A antiga literatura hebraica é rica em relatos de sonhos pelos quais Jeová transmitia sua vontade e propósito a seus seguidores. Uma delas é a do Patriarca Jacó que, fugindo da ira do irmão, teria sabido do seu destino através de um sonho no qual o Senhor lhe teria falado.
Os gregos e romanos também parecem ter acreditado nas comunicações com as divindades através dos sonhos. Ésquilo, dramaturgo grego do século V a.C., via na oniromancia uma das maiores dádivas concedidas à humanidade pelo herói Prometeu.
Em seus poemas, Homero faz relatos de sonhos que são enviados a Zeus. Platão, em A República, descreve Sócrates afirmando que os sonhos de um homem bom são puros e proféticos porque, quando dorme, sua alma fica livre e não é afetada por problemas do corpo.
E OS SONHOS CONTINUAM ....
Já a Igreja Católica, ao contrário das antigas religiões e tradições, associou interpretações dos sonhos à feitiçaria. Mas, mesmo assim, na Idade Média sonhos foram a inspiração de grandes vocações, como nos casos de São Francisco de Assis ou São Domingos.
Foi somente no século XIX, com o Romantismo, que os sonhos se tornaram aceitáveis no Ocidente.
O tema atraiu a atenção de estudiosos, místicos e poetas, cuja abordagem dos sonhos era mais literária e metafísica do que experimental e científica.
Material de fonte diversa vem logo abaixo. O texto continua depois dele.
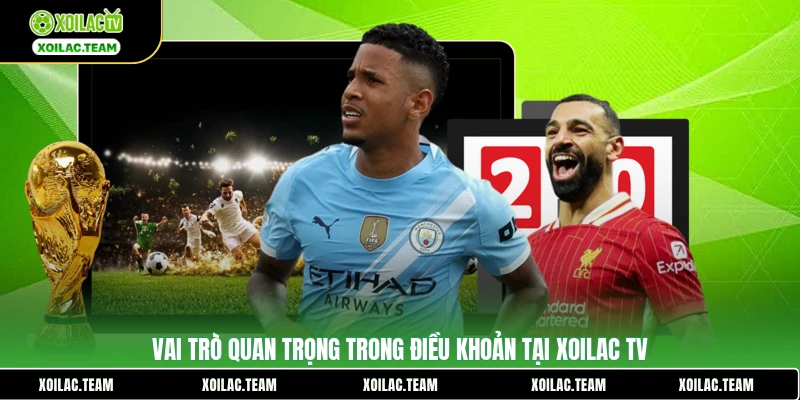 Vai trò quan trọng trong điều khoản tại Xoilac TV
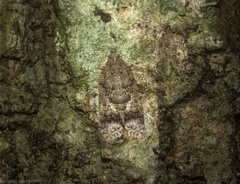 Polylopha epidesma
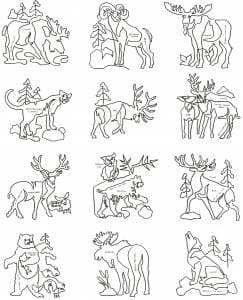 Backwoods Block - BWB - Collection of 12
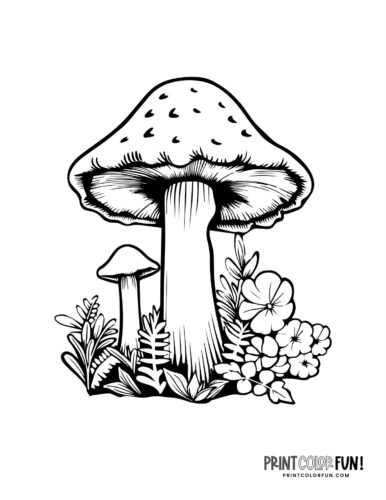 Detailed mushroom coloring page from Print Color Fun (7)
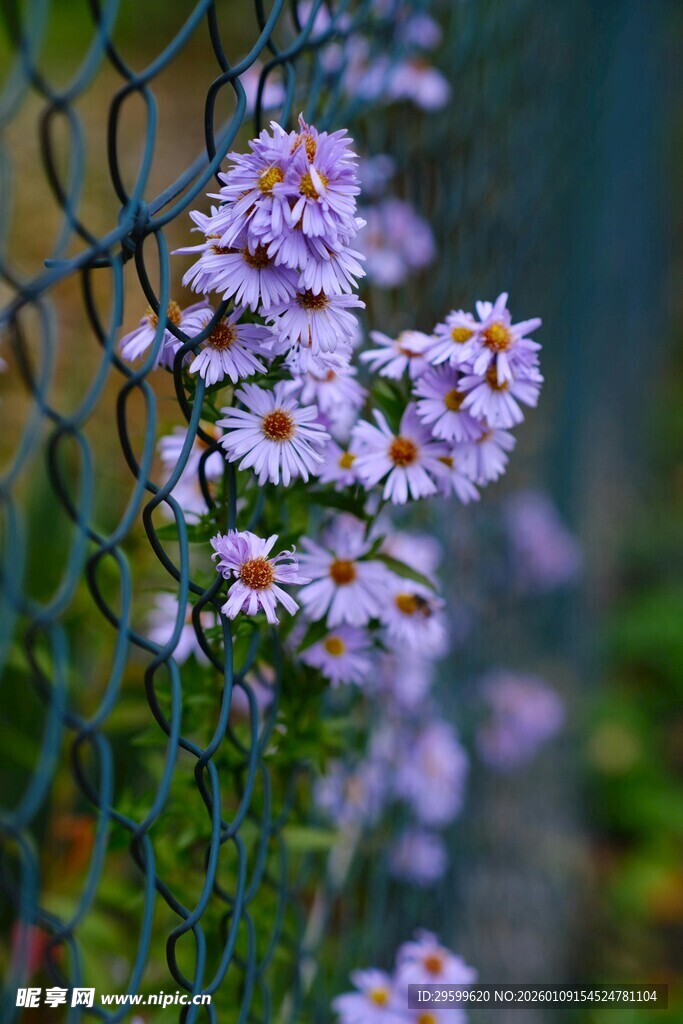 栅栏边绽放的紫色小花
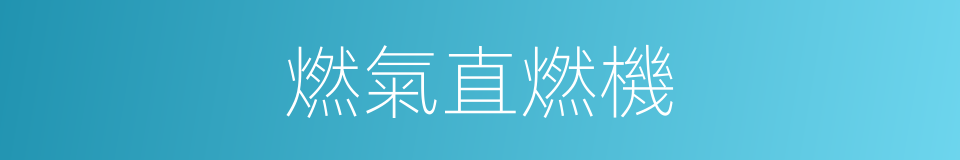 燃氣直燃機的同義詞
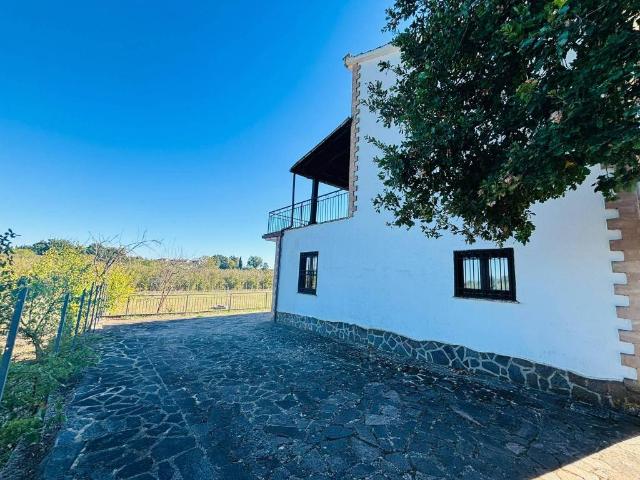 Villa Indipendente in vendita a Vasanello, Viterbo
O escritor romântico alemão Jean Paul não se limitou, porém, a observar os sonhos: fez experiências, tentando com a consciência impor sua vontade para controlá-los.
No século XIX, as primeiras pesquisas sobre os sonhos basearam-se em uma teoria essencialmente fisiológica. Alfred Maury estava entre os que tentavam estabelecer estímulos externos como causas fundamentais dos sonhos, tentando comprovar a sua teoria.
Maury realizou muitas experiências. Certa ocasião, pediu que alguém lhe roçasse os lábios e a ponta do nariz enquanto dormia. Isso o fez sonhar que torturavam o rosto. Então, surgiu a grande dúvida: o mesmo acidente produziria uma sequência de sonhos similar em sonhadores com vivências e memórias diferentes? Maury duvidou que isso fosse possível e Hildebrandt, outro fisiologista, confirmou com suas experiências as dúvidas de Maury. Suas pesquisas indicaram que os mesmos estímulos externos produziam diferentes sonhos nas mesmas pessoas e, mais ainda, em pessoas diferentes. Hildebrandt foi despertado da mesma maneira durante três dias consecutivos e teve três sonhos diferentes. Essa experiência, então, teria demonstrado mais uma vez que estímulos externos nunca são a causa da sequência de sonho, mas ao máximo um pretexto.
A PSICOLOGIA E O SONHO
Nesse estágio o caminho estava aberto para Freud, que descreveria o sonho como um processo psíquico autônomo.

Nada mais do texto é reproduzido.